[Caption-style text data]
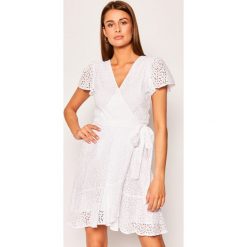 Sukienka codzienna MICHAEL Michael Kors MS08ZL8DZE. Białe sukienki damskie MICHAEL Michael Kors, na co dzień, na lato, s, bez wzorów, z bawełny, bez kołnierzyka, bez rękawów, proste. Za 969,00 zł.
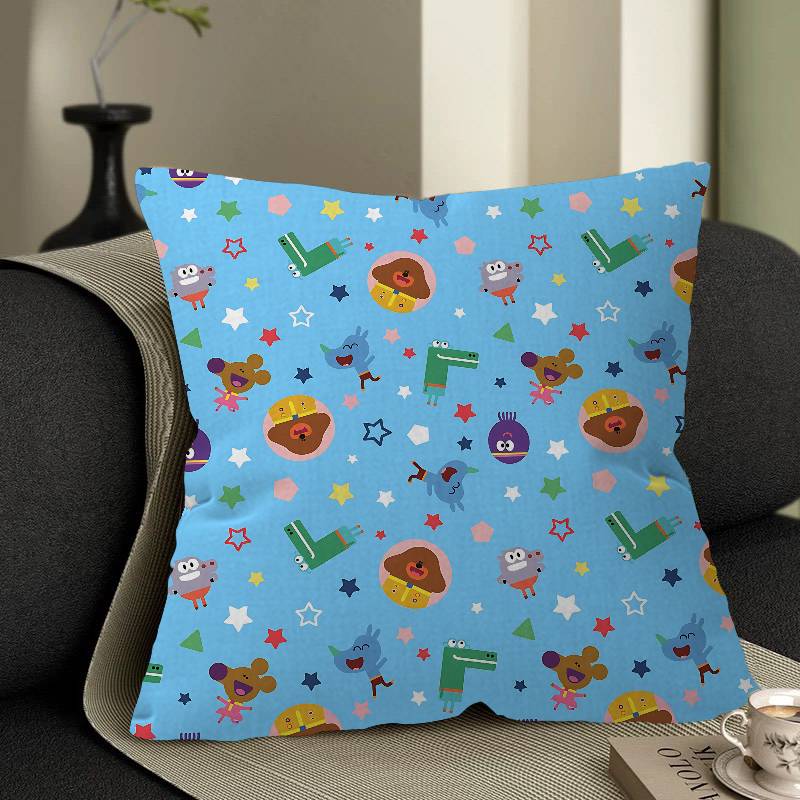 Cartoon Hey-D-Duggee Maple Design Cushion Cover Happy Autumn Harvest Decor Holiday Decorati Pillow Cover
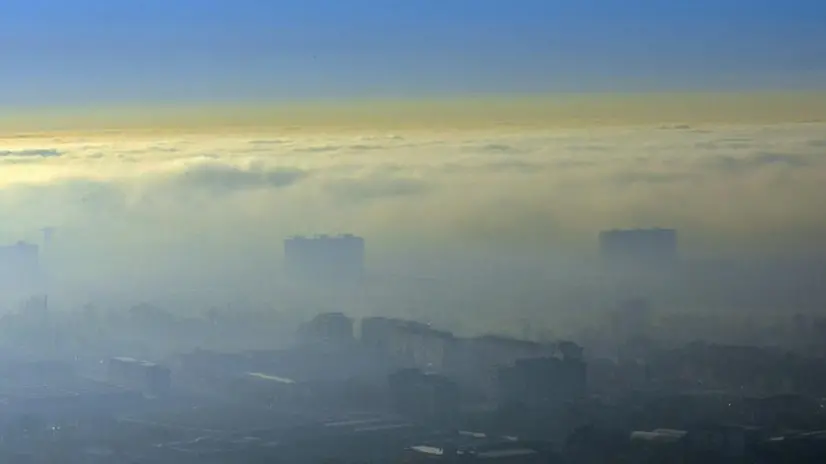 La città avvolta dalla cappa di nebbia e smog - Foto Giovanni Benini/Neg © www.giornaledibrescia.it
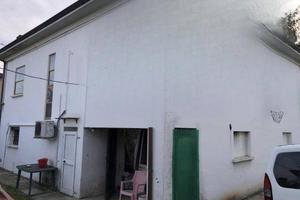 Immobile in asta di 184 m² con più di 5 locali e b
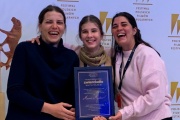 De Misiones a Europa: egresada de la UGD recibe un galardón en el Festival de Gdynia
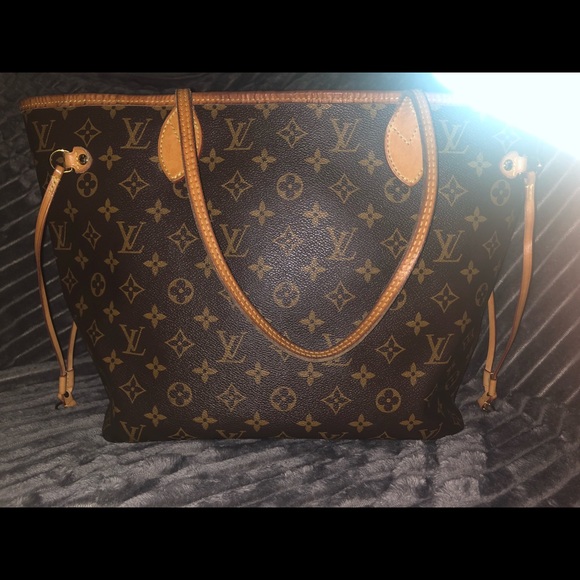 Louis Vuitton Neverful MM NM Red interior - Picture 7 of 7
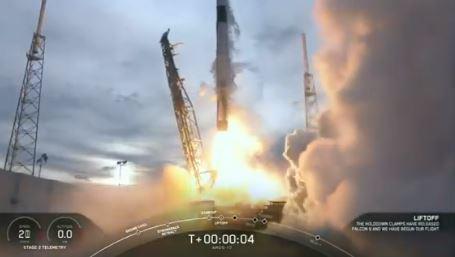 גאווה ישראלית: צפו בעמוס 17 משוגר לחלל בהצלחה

# [Task prompt]
Give back the data exactly. Pictures stay out.

# [The completed task]
 Sukienka codzienna MICHAEL Michael Kors MS08ZL8DZE. Białe sukienki damskie MICHAEL Michael Kors, na co dzień, na lato, s, bez wzorów, z bawełny, bez kołnierzyka, bez rękawów, proste. Za 969,00 zł.
 Cartoon Hey-D-Duggee Maple Design Cushion Cover Happy Autumn Harvest Decor Holiday Decorati Pillow Cover
 La città avvolta dalla cappa di nebbia e smog - Foto Giovanni Benini/Neg © www.giornaledibrescia.it
 Immobile in asta di 184 m² con più di 5 locali e b
 De Misiones a Europa: egresada de la UGD recibe un galardón en el Festival de Gdynia
 Louis Vuitton Neverful MM NM Red interior - Picture 7 of 7
 גאווה ישראלית: צפו בעמוס 17 משוגר לחלל בהצלחה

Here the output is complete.